# DIRECTIONS
Transcribe the records below from the first line to the line that includes "Coussin Aquarelle Monogram", inclusive, and omit the pictures.

(Records from a data source)
•••••
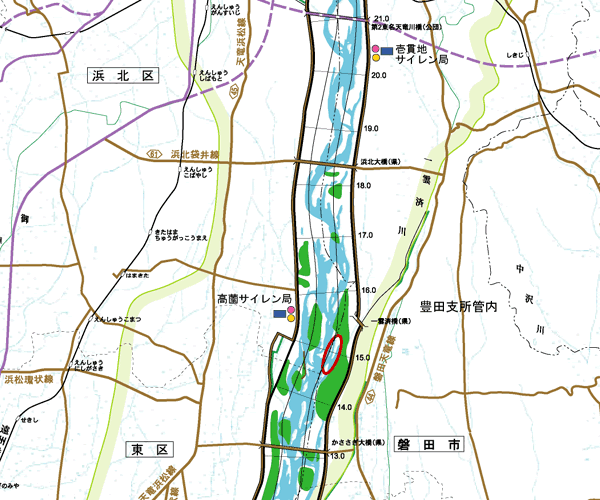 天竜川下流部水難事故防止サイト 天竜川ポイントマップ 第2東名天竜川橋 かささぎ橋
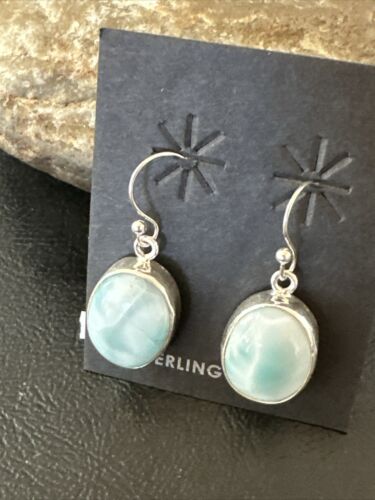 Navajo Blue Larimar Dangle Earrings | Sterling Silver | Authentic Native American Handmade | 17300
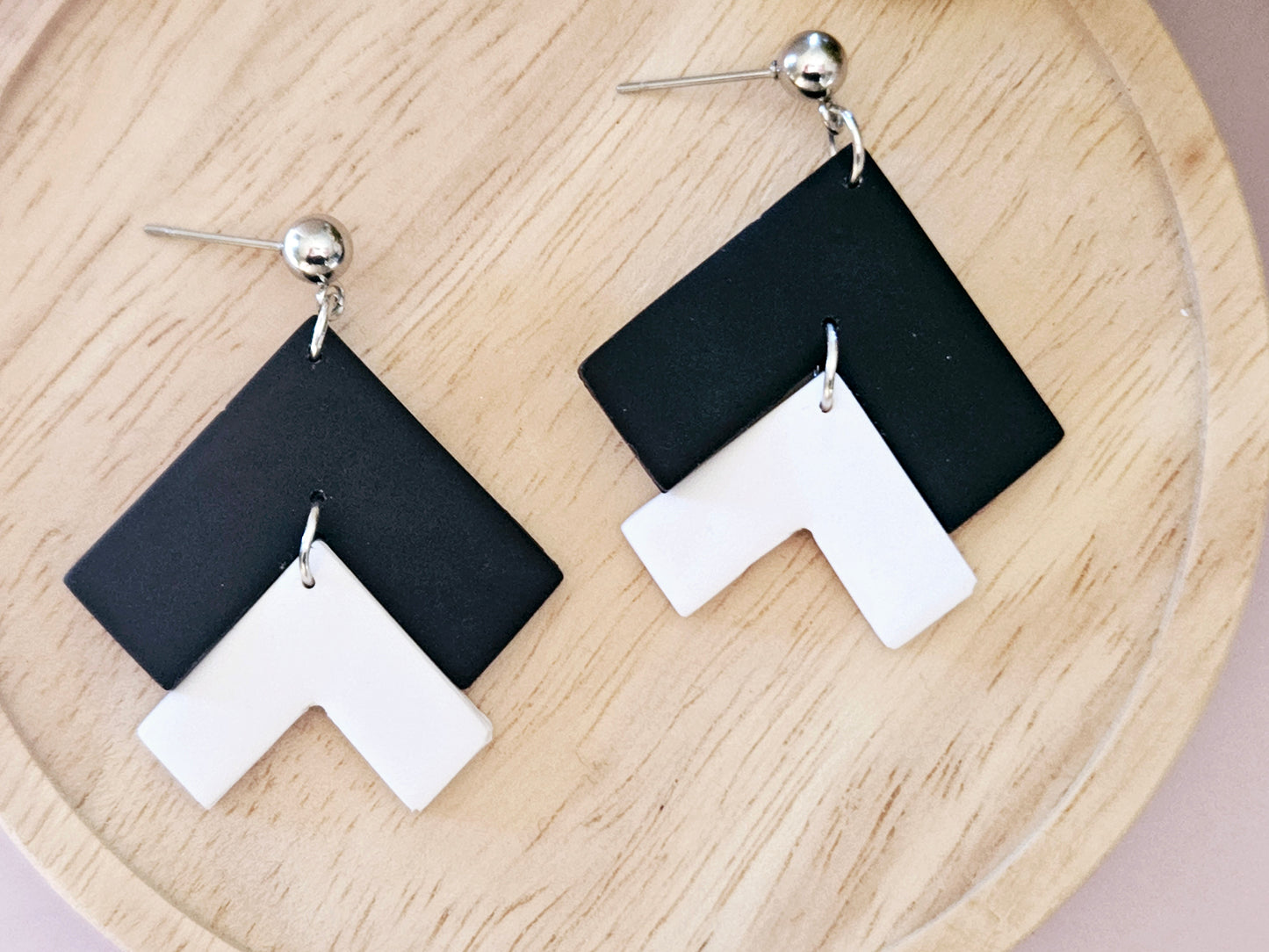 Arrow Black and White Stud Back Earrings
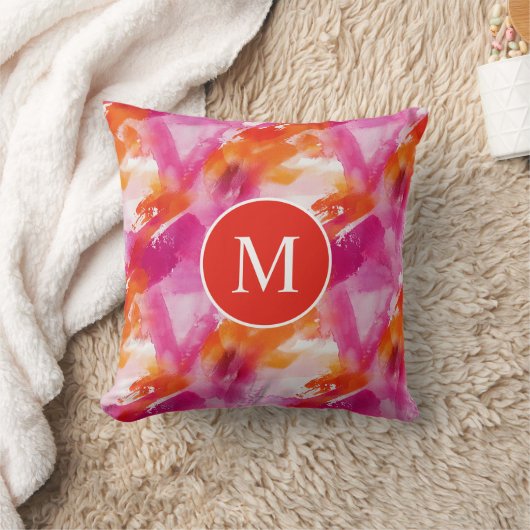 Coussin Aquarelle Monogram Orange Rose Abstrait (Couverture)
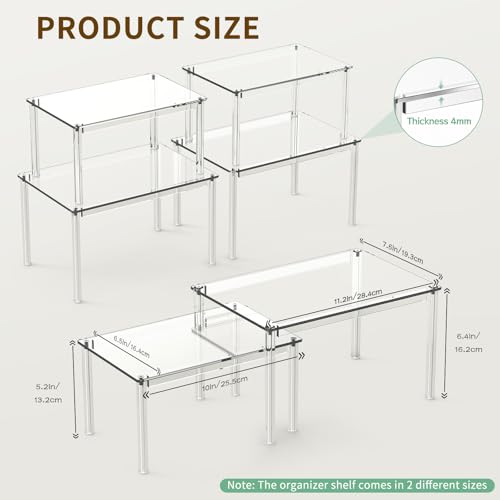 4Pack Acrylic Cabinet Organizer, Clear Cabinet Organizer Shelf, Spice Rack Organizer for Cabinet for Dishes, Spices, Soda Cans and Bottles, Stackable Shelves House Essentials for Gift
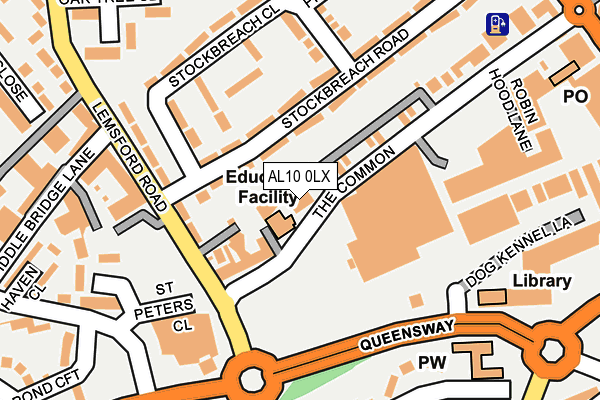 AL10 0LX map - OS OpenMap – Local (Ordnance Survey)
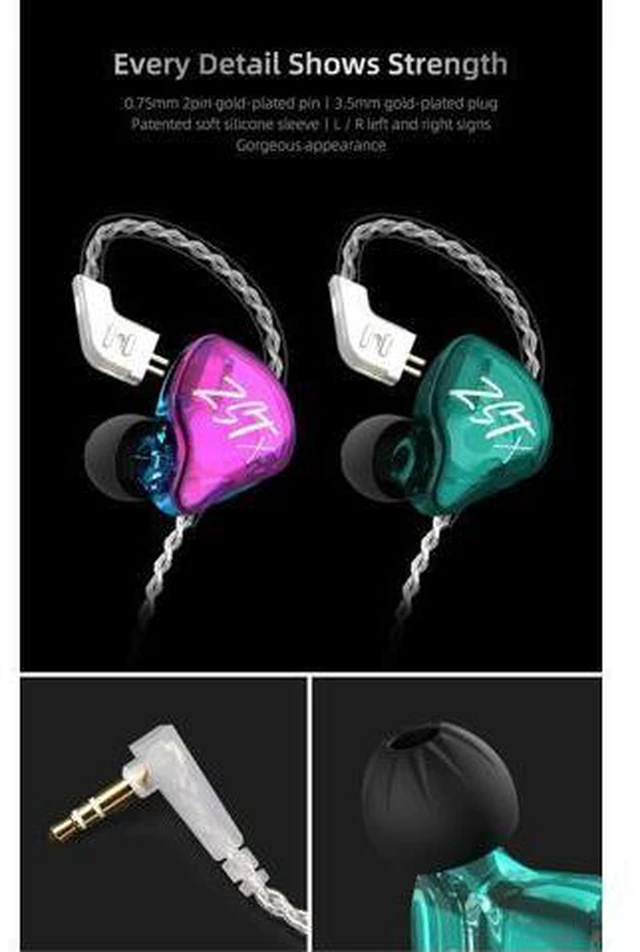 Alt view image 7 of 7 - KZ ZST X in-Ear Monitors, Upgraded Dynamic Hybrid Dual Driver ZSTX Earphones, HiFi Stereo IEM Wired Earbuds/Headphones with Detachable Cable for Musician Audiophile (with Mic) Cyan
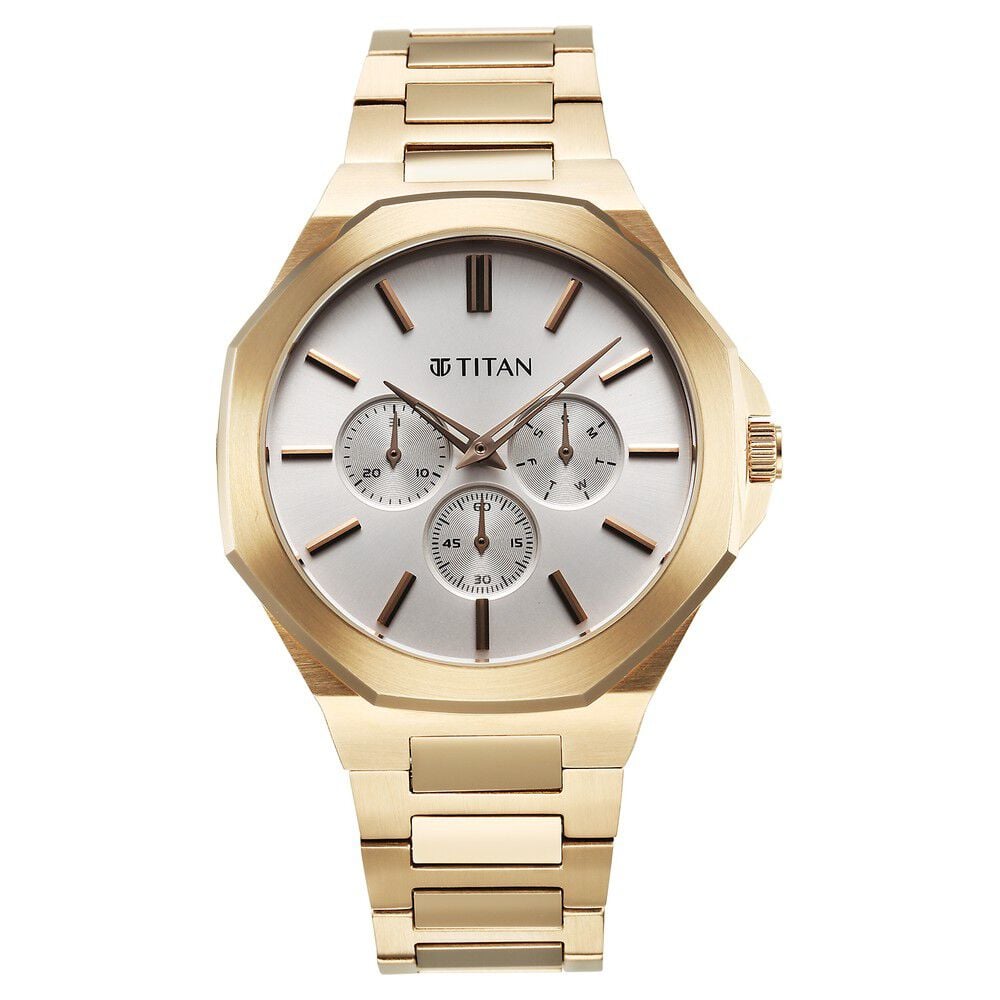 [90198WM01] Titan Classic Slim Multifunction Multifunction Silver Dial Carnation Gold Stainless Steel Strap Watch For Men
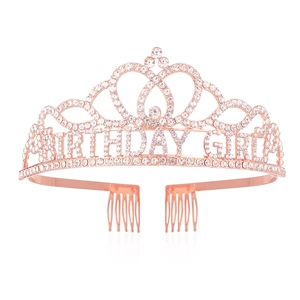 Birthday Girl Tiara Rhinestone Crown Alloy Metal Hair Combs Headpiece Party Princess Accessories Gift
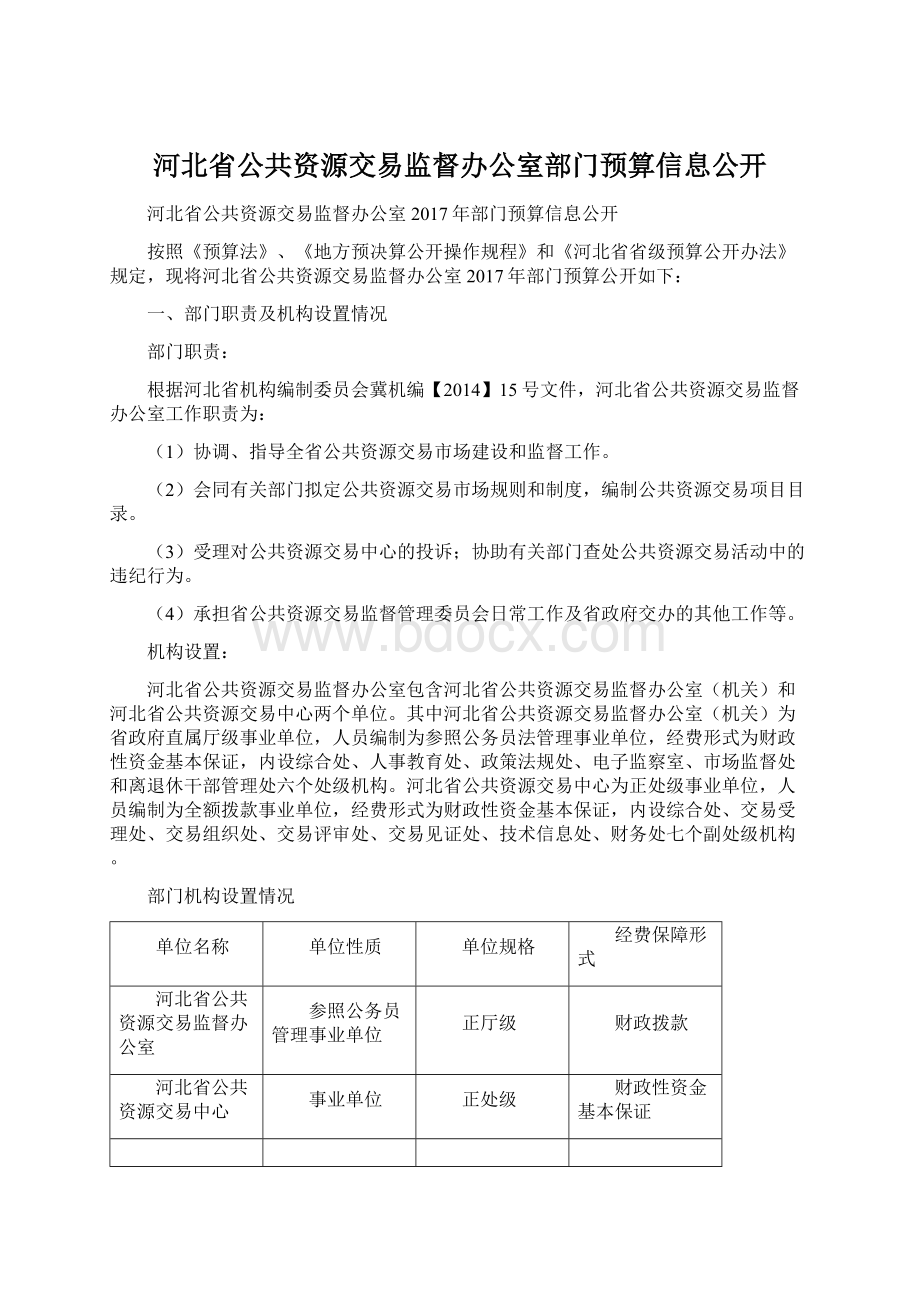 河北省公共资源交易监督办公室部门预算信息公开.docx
•••••
# REPLY TO THE EXERCISE
 天竜川下流部水難事故防止サイト 天竜川ポイントマップ 第2東名天竜川橋 かささぎ橋
 Navajo Blue Larimar Dangle Earrings | Sterling Silver | Authentic Native American Handmade | 17300
 Arrow Black and White Stud Back Earrings
 Coussin Aquarelle Monogram Orange Rose Abstrait (Couverture)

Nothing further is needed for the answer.